Pomul vietii /Cum interpretam semne pe care nu le intelegem?
The Tree of Life /How do we read signs we cannot understand?
Pomul vietii /Cum interpretam semne pe care nu le intelegem?, Chronic Desire – Sete Cronica, installation, Muzeul Corneliu Miklosi, Timisoara, 2023
The intervention at the Corneliu Miklosi Public Transport Museum is an installation imagined as a place to sit together, and a space for reflection built from the idea of a school under the tree, a school close to nature. The installation consists of a modular structure of wooden Europallets, objects commonly used for transporting goods, a platform-support covered with old hand-woven carpets, and kilims with archaic motifs on which the public can sit.

The kilims on the platform generate a vernacular space populated by a multitude of abstract signs and symbols of renewal, the tree of life, nature, immortality, fertility, feminine, masculine, marriage, animals and plants, many of the signs also having an apotropaic character, which wards off evil spirits.

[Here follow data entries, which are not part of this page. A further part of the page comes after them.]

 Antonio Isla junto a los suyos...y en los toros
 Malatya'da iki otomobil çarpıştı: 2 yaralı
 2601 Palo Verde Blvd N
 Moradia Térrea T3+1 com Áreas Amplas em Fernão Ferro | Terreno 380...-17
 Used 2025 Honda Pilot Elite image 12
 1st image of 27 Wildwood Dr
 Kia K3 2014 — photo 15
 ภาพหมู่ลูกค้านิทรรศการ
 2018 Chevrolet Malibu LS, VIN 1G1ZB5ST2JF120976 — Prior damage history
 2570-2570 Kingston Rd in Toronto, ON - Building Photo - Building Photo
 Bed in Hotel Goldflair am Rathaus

Even if these weavings come from different geographical areas - Oltenia, the Balkans, Anatolia, Bessarabia, the Caucasus, Persia/Iran, they evoke a common, archaic cultural heritage that transcends spatial and temporal boundaries, a heritage that now, when we walk or look at them, brings us closer to the other finite entities that once looked or walked on these kilims imagined by the wonderful weavers.

The installation will contain a central element, a living tree through which we want to invoke the idea of nature's renewal and relate this archaic motif – the tree of life – to the present moment, to the increasingly complicated years we are all going through, of pandemics, war and climate change. The tree presented in the installation, a birch bought from a nursery near Timisoara – the commodity tree – is freed from its economic meaning, it becomes a tree that symbolically mediates with natural forces, a tree that speaks to us about nature and nature's rights. At the end of the exhibition, in spring, the birch tree will be planted, and become part of the natural cycle again.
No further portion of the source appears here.